> EXERCISE PROMPT
Find the line below with "Mountain Hardwear Nitrous" and the line with "U by SPICK&SPAN「ノルディックニットプルオーバー」|ニット・セーター|". Output them and the lines between, exactly, but not the pictures.
:: SOURCE RECORDS
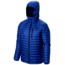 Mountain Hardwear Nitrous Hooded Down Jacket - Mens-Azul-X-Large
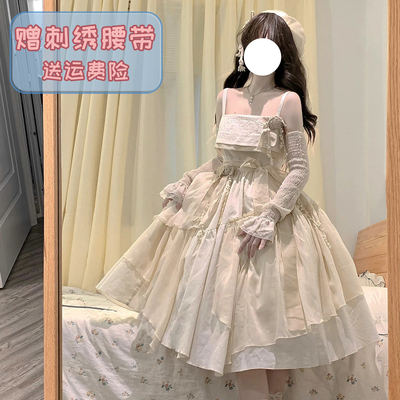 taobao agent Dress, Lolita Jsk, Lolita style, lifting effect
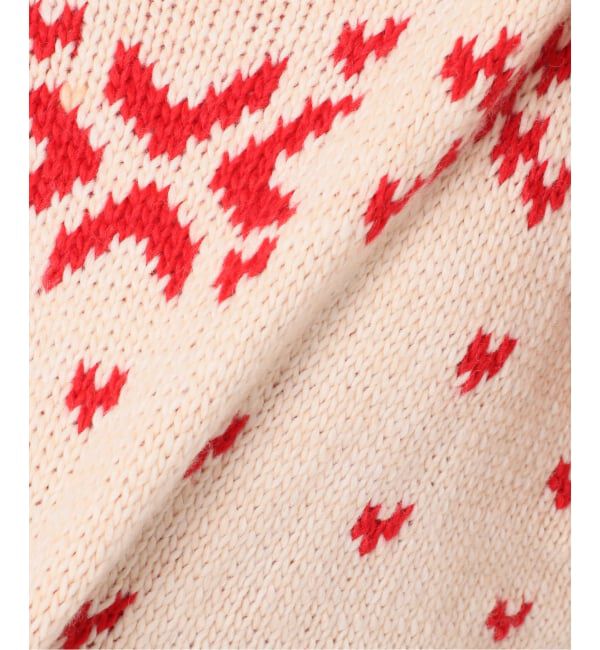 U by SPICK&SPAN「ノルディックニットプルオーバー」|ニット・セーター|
::::
:: SOURCE RECORDS
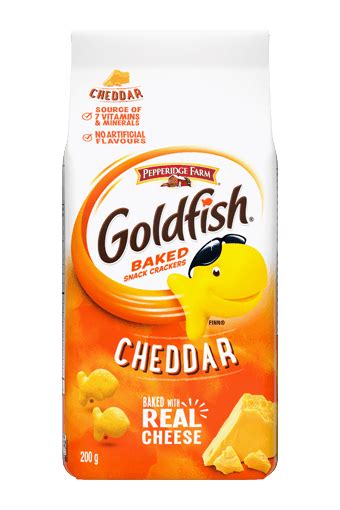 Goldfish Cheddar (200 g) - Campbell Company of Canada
::::
:: SOURCE RECORDS
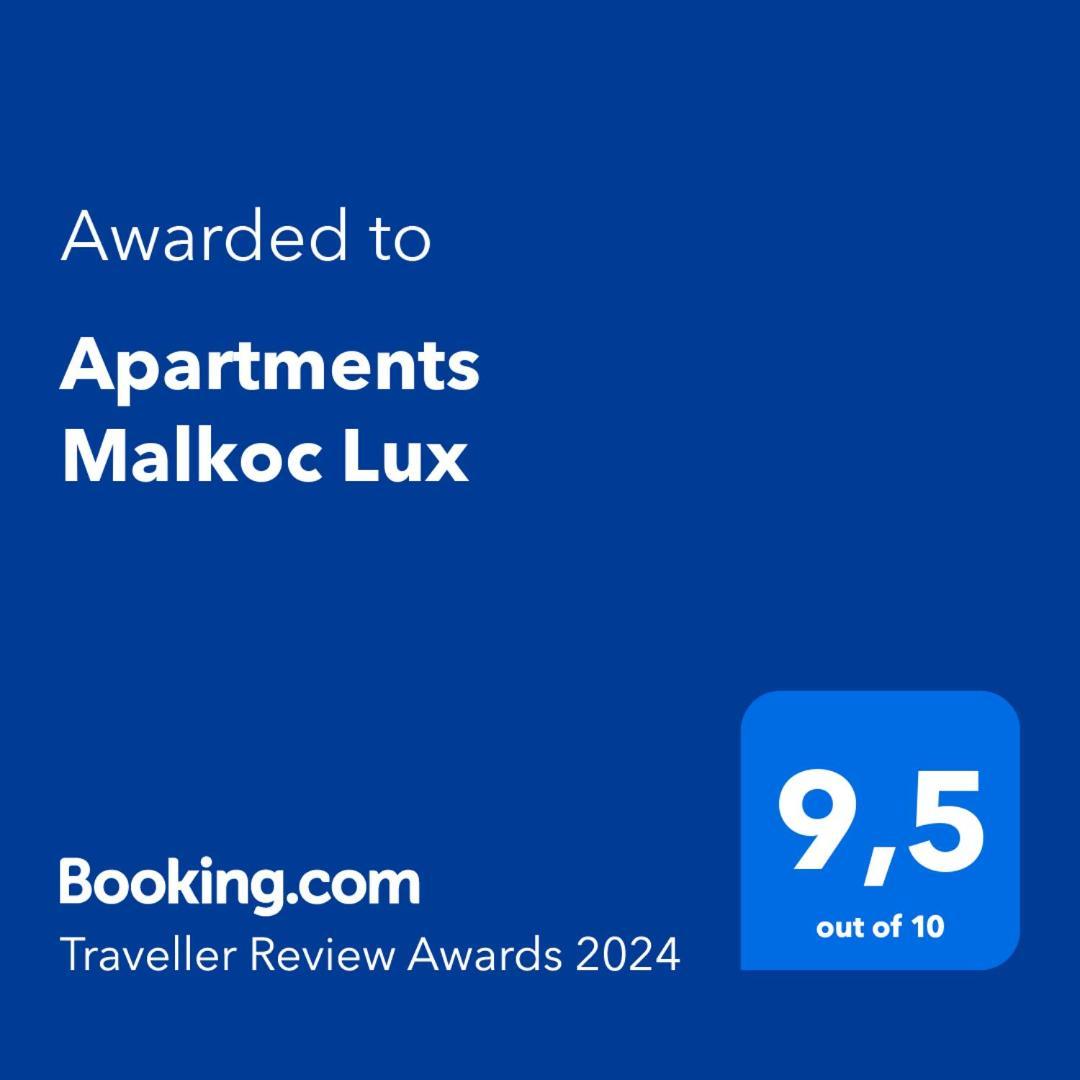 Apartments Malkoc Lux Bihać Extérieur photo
::::
> RESPONSE FOR THIS EXERCISE
 Mountain Hardwear Nitrous Hooded Down Jacket - Mens-Azul-X-Large
 taobao agent Dress, Lolita Jsk, Lolita style, lifting effect
 U by SPICK&SPAN「ノルディックニットプルオーバー」|ニット・セーター|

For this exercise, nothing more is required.